LISTED ENTRIES.
=======

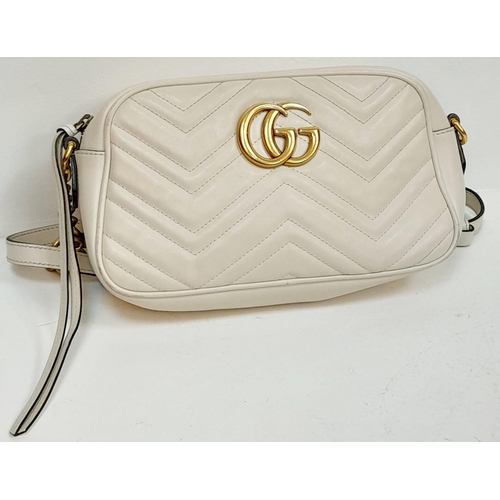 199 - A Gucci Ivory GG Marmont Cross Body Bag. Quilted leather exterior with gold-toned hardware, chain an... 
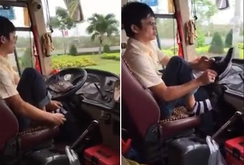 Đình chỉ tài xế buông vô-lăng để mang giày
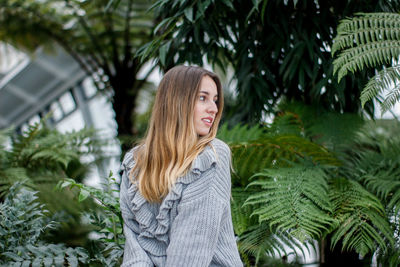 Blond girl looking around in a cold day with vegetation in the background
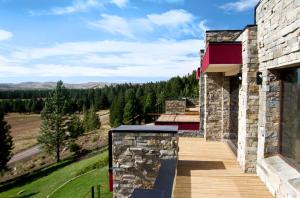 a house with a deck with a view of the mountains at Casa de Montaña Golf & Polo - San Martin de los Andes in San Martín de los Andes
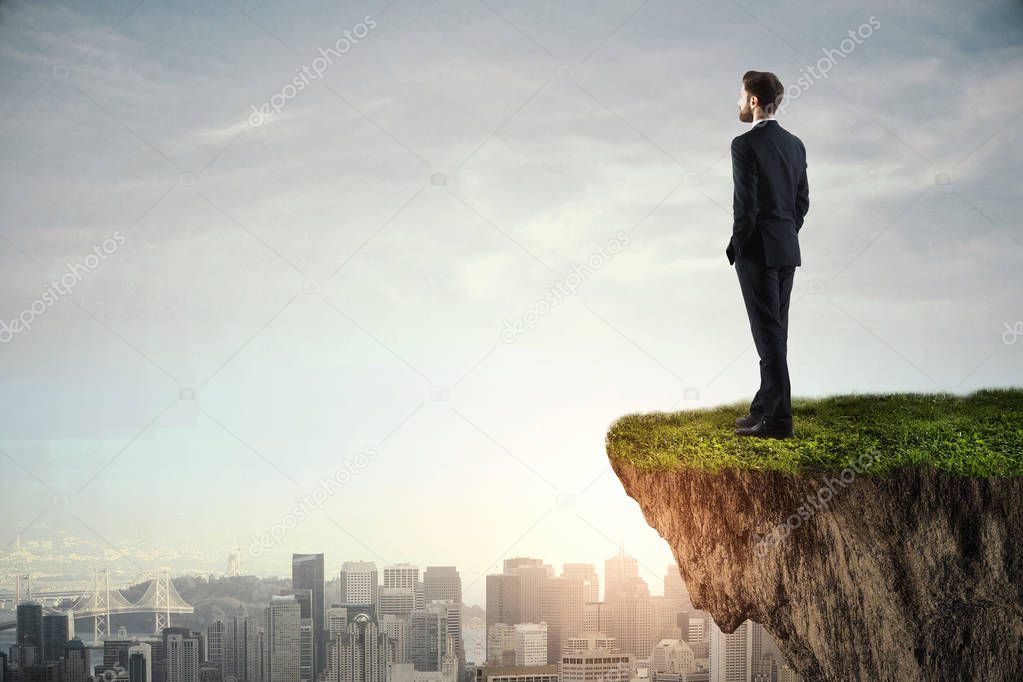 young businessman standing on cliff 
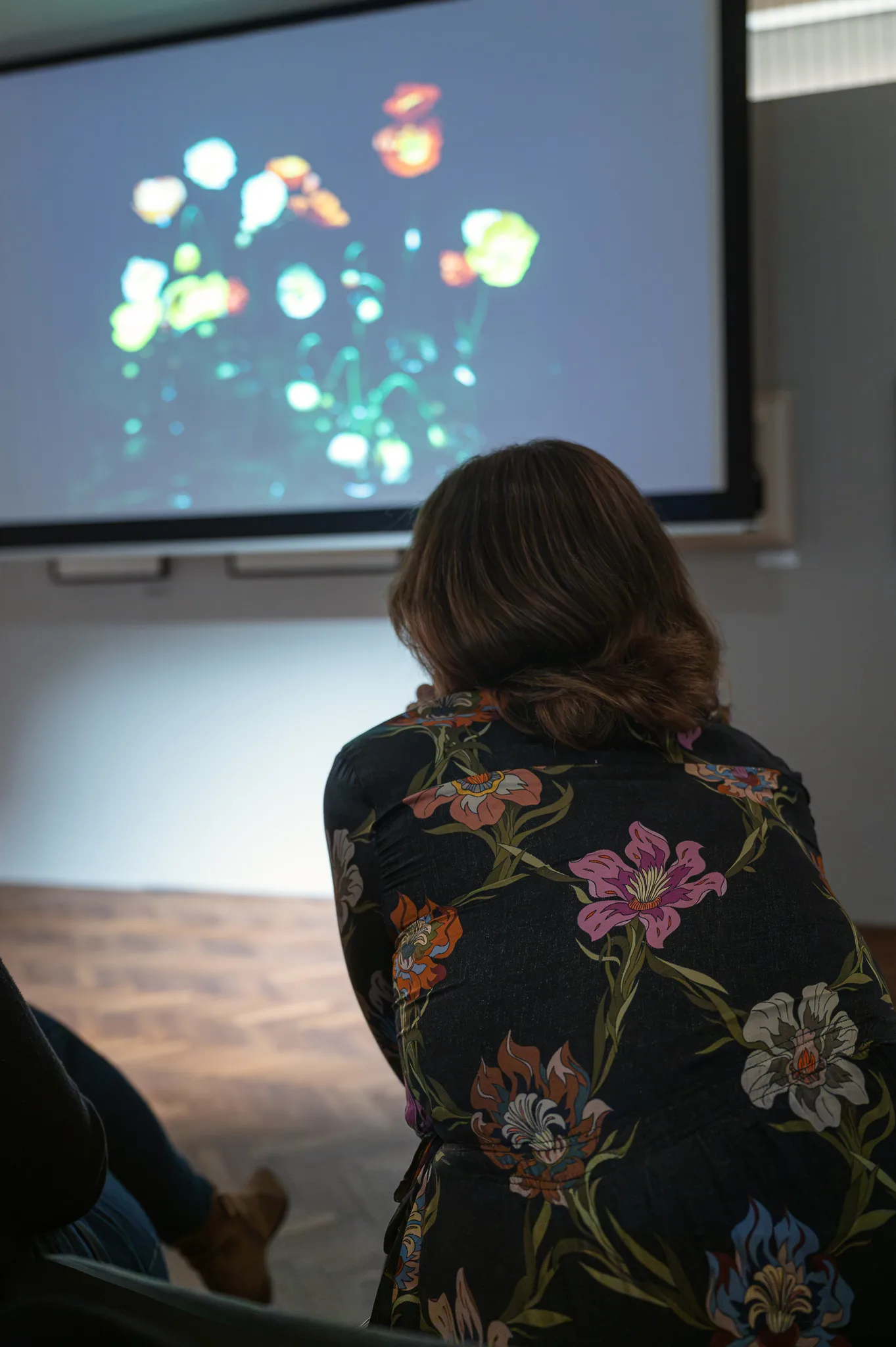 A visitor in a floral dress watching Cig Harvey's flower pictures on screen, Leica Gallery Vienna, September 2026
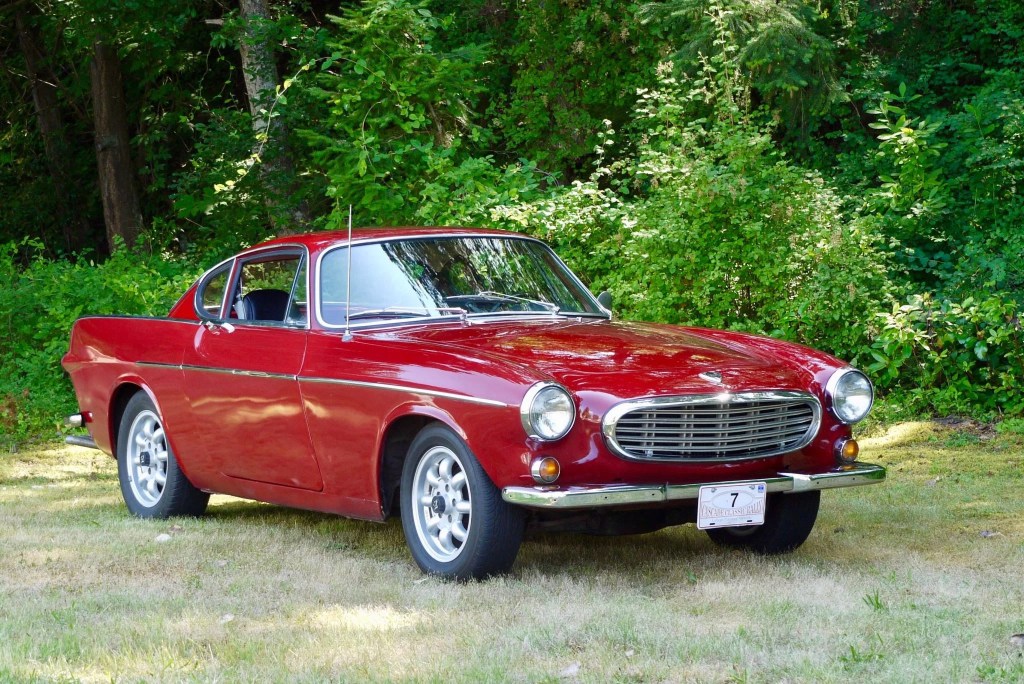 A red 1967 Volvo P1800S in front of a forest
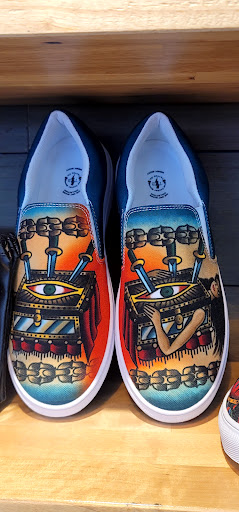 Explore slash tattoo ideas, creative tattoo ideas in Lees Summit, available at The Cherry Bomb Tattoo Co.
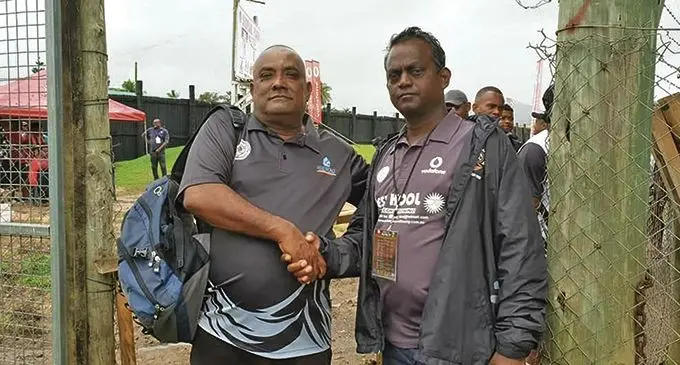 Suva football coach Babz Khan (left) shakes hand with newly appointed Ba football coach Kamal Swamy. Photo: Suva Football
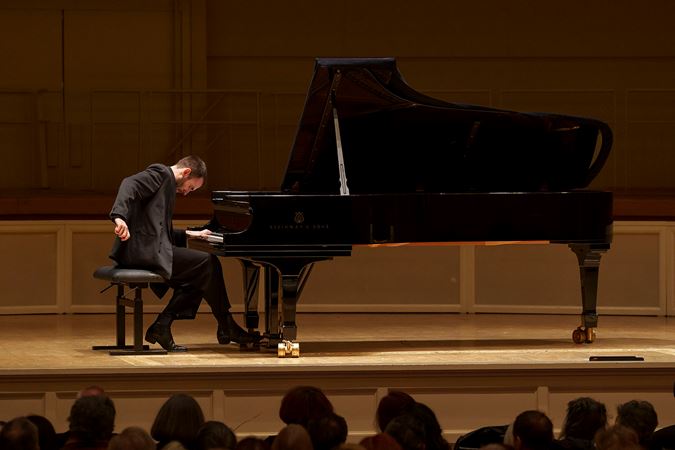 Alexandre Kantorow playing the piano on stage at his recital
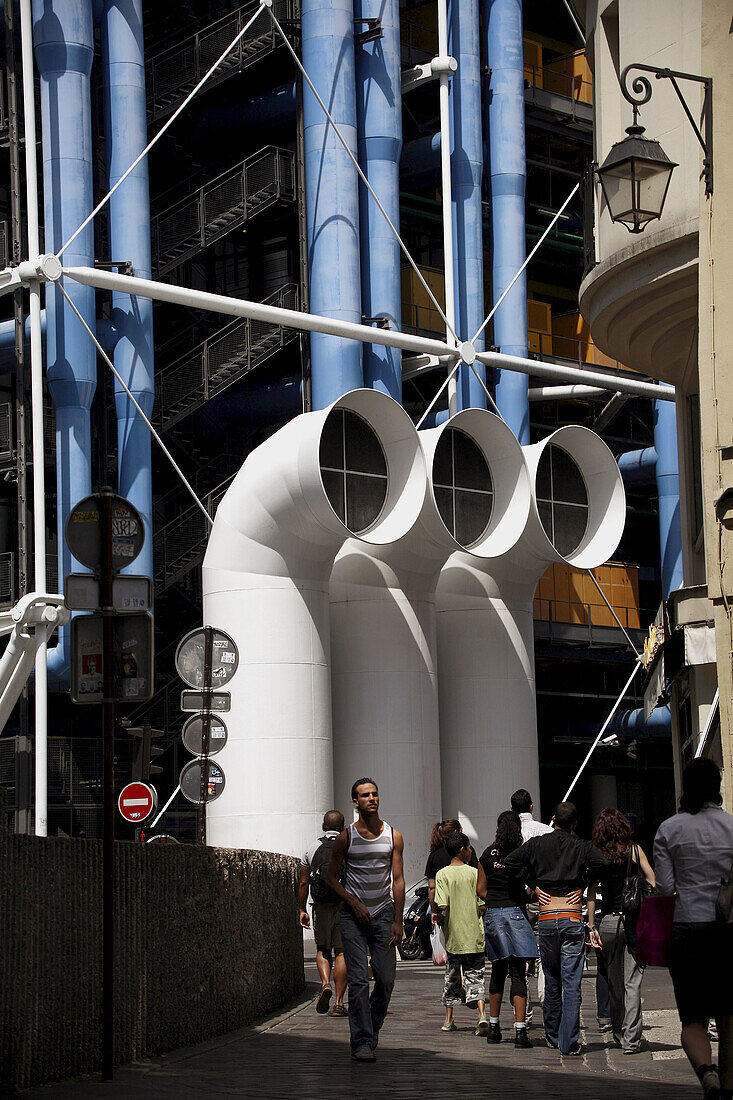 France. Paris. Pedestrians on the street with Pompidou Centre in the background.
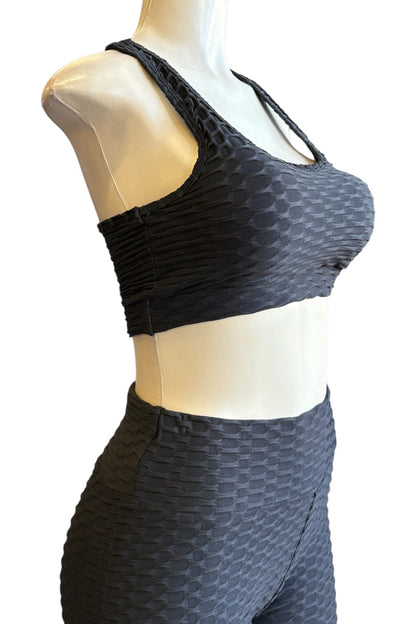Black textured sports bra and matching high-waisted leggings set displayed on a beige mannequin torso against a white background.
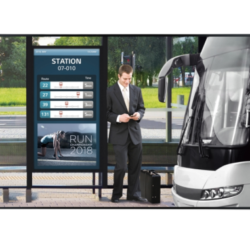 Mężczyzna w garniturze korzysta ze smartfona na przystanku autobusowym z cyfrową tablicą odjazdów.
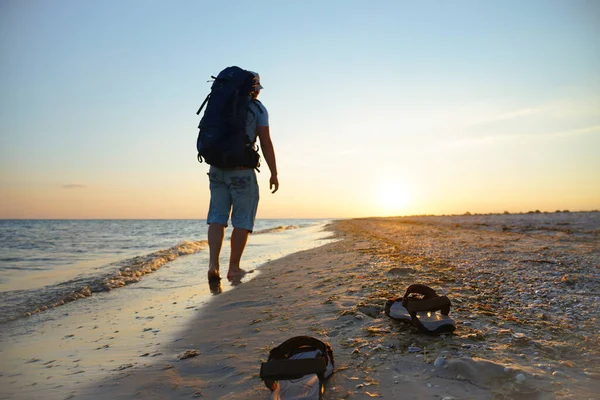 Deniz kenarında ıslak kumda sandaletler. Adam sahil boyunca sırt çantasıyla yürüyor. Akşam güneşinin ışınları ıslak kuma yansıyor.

=======

Above are some records; extract exactly the lines from the one containing "France. Paris. Pedestrians" through the one containing "Black textured sports" and drop the pictures.

YOUR RESPONSE.
 France. Paris. Pedestrians on the street with Pompidou Centre in the background.
Black textured sports bra and matching high-waisted leggings set displayed on a beige mannequin torso against a white background.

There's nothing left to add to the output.